Tegen deze uitspraak hebben [appellanten] hoger beroep ingesteld.

Het college heeft een schriftelijke uiteenzetting gegeven.

[appellanten] hebben nadere stukken ingediend.

De Afdeling heeft de zaak ter zitting behandeld op 5 juli 2022, waar [appellant A], bijgestaan, en [appellant B], vertegenwoordigd door mr. P.H. de Lange, advocaat te Leiden, zijn verschenen. Het college, vertegenwoordigd door mr. E.M. Oskam, advocaat te Utrecht, mr. P. Tempelaars, R. Jansen en T. Heijnen, heeft via een videoverbinding deelgenomen aan de zitting.

De Afdeling heeft het onderzoek ter zitting geschorst om het college in de gelegenheid te stellen om te reageren op het rapport van De Baan verkeersadvies van 21 juni 2022 dat [appellanten] in hoger beroep hebben overgelegd.

Bij brief van 3 augustus 2022 heeft het college stukken ingediend.

Bij brief van 8 september 2022 hebben [appellanten] daarop gereageerd. Ook hebben zij naar voren gebracht dat zij geen behoefte hebben aan een tweede zitting als hun reactie wordt meegenomen bij het doen van deze uitspraak. De Afdeling heeft besloten alle stukken hierbij te betrekken.

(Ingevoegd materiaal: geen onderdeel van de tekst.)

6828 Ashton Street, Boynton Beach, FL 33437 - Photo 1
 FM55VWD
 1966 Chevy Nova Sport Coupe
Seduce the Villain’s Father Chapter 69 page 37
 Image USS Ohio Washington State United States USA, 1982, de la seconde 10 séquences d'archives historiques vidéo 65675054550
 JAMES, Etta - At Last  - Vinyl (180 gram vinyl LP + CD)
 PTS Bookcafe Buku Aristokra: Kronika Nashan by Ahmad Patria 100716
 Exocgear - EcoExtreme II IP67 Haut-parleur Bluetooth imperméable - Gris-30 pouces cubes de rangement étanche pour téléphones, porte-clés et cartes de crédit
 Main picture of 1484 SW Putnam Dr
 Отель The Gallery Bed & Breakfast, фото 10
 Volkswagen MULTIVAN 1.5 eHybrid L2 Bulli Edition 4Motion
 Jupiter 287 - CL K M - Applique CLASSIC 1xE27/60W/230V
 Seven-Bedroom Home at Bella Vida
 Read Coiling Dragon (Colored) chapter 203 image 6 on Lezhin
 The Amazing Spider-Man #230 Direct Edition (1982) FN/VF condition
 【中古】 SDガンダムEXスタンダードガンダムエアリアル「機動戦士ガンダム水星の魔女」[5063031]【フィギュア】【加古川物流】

Het college heeft niet binnen de gestelde termijn verklaard gebruik te willen maken van het recht om op een tweede zitting te worden gehoord. Daarna heeft de Afdeling het onderzoek met toepassing van artikel 8:57, derde lid, gelezen in verbinding met artikel 8:108, eerste lid, van de Algemene wet bestuursrecht (hierna: Awb) gesloten.

Overwegingen

Inleiding

1.       Op 1 november 2019 heeft het college het ontwerpverkeersbesluit ‘instellen fietsroute tussen de Rijndijken (Admiraalsweg, Tasmanstraat, Bontekoestraat en Evertstraat)’ van 8 oktober 2019 gepubliceerd (Stcrt. 2019, nr. 57608). Daarin staat dat de ambitie is om die fietsroute als snelle, comfortabele en veilige fietsroute te laten functioneren. Daarom wordt voorgesteld de Tasmanstraat in te richten als fietsstraat. Het zuidelijke deel van die straat is nu een doodlopende weg voor autoverkeer. De straat loopt aan het einde over in een fietspad richting de Evertsenstraat. Op de Tasmanstraat zijn parkeervakken aanwezig. In het besluit staat dat uitparkerende auto’s achteruit door de straat rijden waarbij ze door de beperkte rijbaanbreedte in conflict komen met het fietsverkeer wat voor onveilige situaties zorgt. Daarom wordt het fietspad richting de Evertsenstraat opengesteld voor autoverkeer en wordt eenrichtingsverkeer ingesteld voor het autoverkeer. Fietsers mogen in twee richtingen blijven rijden.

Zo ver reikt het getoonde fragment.